Bagikan:

JAKARTA - Takjil yang tidak memenuhi standar keamanan pangan dapat berdampak buruk bagi kesehatan. Penggunaan bahan berbahaya seperti formalin, boraks, dan pewarna tekstil dalam makanan bisa menyebabkan gangguan pencernaan, kerusakan organ, bahkan meningkatkan risiko kanker. Oleh karena itu, masyarakat perlu lebih waspada dalam memilih takjil untuk berbuka puasa.

Badan Pengawas Obat dan Makanan (BPOM) melaporkan hingga 5 Maret 2025, dari total 1.221 sampel takjil yang diuji, sebanyak 1.193 sampel atau 97,71 persen dinyatakan memenuhi syarat, sementara 28 sampel atau 2,29 persen tidak layak konsumsi.

Dalam keterangannya di Jakarta pada Selasa, Kepala BPOM Taruna Ikrar menyampaikan bahwa pengujian dilakukan terhadap 592 pedagang di 127 lokasi pengawasan unit pelaksana teknis (UPT). Intensifikasi pengawasan makanan selama bulan Ramadan telah dimulai sejak 24 Februari 2025 di 76 UPT di seluruh Indonesia dan akan berlangsung hingga 26 Maret 2025.

Menurut Taruna, ditemukan bahan berbahaya seperti formalin pada tahu dan mi basah di Tangerang, Palembang, dan Jakarta Timur, dengan persentase sebesar 42,86 persen.

"Kemudian boraks (35,71 persen) ditemukan pada kerupuk dan mie di Lombok Tengah dan Manggarai Barat. Selanjutnya rodamin B (21,43 persen) pada kerupuk merah dan bubur pacar cina, terutama di wilayah Rejang Lebong dan Payakumbuh," ujar Taruna Ikrar.

Rodamin B merupakan pewarna tekstil yang dapat memicu gangguan kesehatan serius, termasuk risiko kanker jika dikonsumsi dalam jangka panjang. Oleh karena itu, BPOM mengimbau masyarakat untuk lebih berhati-hati dalam memilih makanan.

Selain pengujian bahan berbahaya pada jajanan pasar, BPOM juga melakukan pengawasan terhadap produk pangan kemasan di ritel. Pemeriksaan mencakup izin edar, kondisi kemasan, serta tanggal kedaluwarsa guna mencegah peredaran produk ilegal dan berbahaya.

Taruna menekankan produk takjil yang tidak memiliki izin edar tergolong ilegal, sementara produk kedaluwarsa berisiko mengandung bakteri atau zat berbahaya lainnya.

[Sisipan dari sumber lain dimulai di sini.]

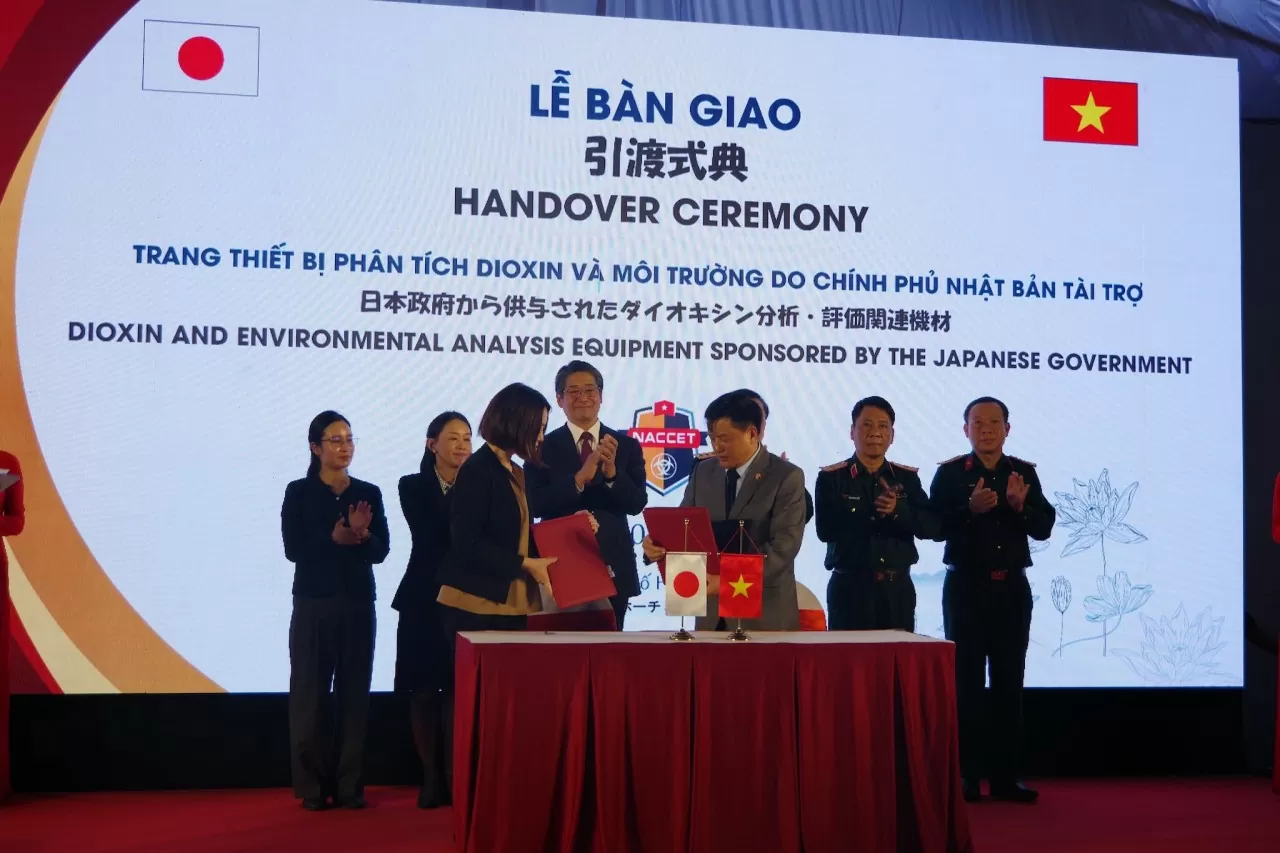 Binh chủng Hóa học tiếp nhận trang thiết bị phân tích dioxin và môi trường do Chính phú Nhật Bản tài trợ Binh chủng Hóa học tiếp nhận trang thiết bị phân tích dioxin và môi trường do Chính phú Nhật Bản tài trợ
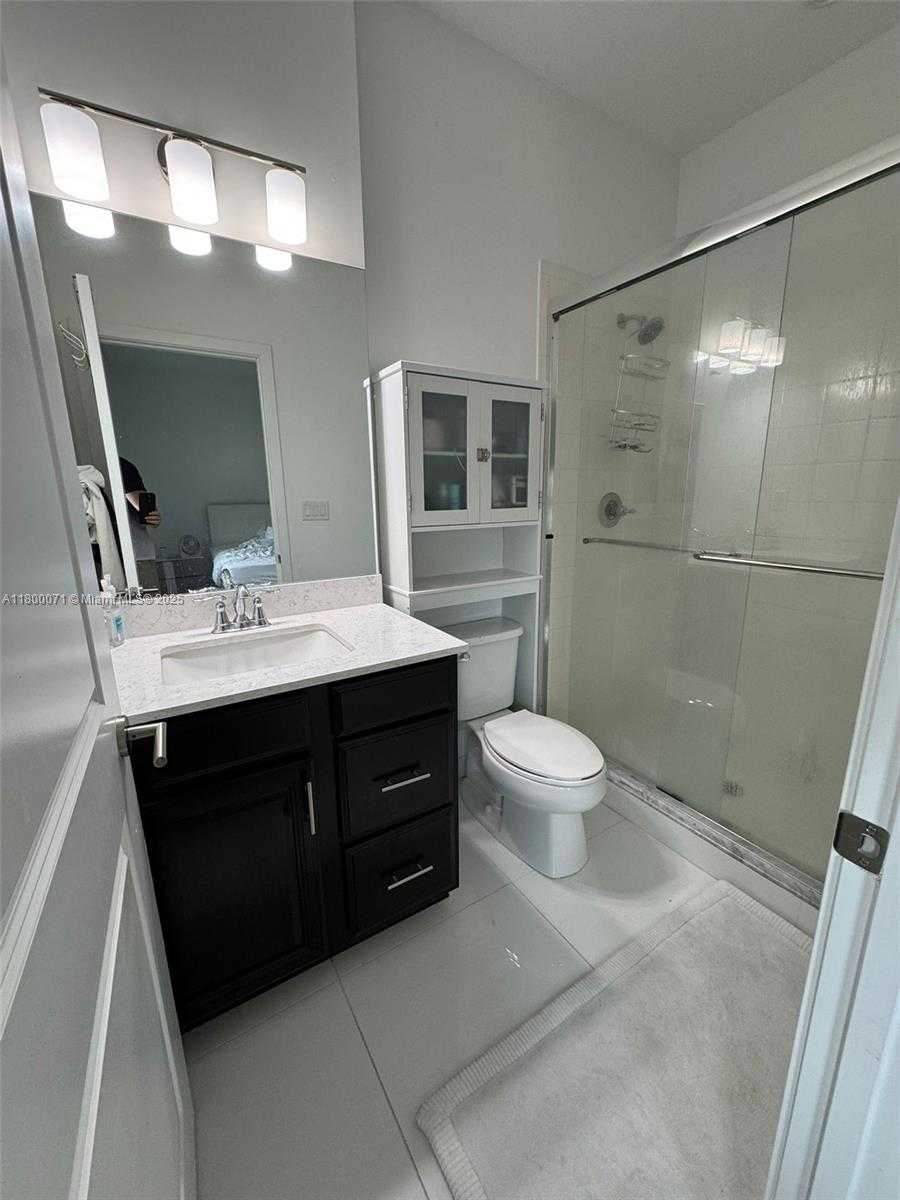 Small Image of 23595 SOUTH WEST 108TH CT, Homestead Number 33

Upaya pengawasan ini bertujuan untuk memastikan keamanan pangan bagi masyarakat, terutama selama Ramadan dan Idul Fitri. Pengawasan intensif juga dilakukan di beberapa pasar besar di Jakarta, seperti Pasar Rawamangun dan Pasar Bendungan Hilir, yang menjadi pusat penjualan takjil.

BPOM menerapkan dua metode utama dalam pengawasan, yaitu sampling dan intelijen. Dalam metode sampling, petugas turun langsung ke pasar dengan mengenakan atribut resmi BPOM untuk mengambil sampel makanan secara acak. Sementara itu, metode intelijen dilakukan dengan cara petugas membeli sampel makanan tanpa atribut BPOM guna memastikan pemantauan yang lebih mendalam.

Taruna juga mengingatkan masyarakat untuk selalu memerhatikan tanda-tanda keamanan pangan. Untuk makanan segar, penting untuk memeriksa warna, aroma, dan kebersihannya. Sementara untuk makanan kemasan, masyarakat diimbau untuk memeriksa kondisi kemasan, izin edar, label, dan tanggal kedaluwarsa sebelum membeli atau mengonsumsinya.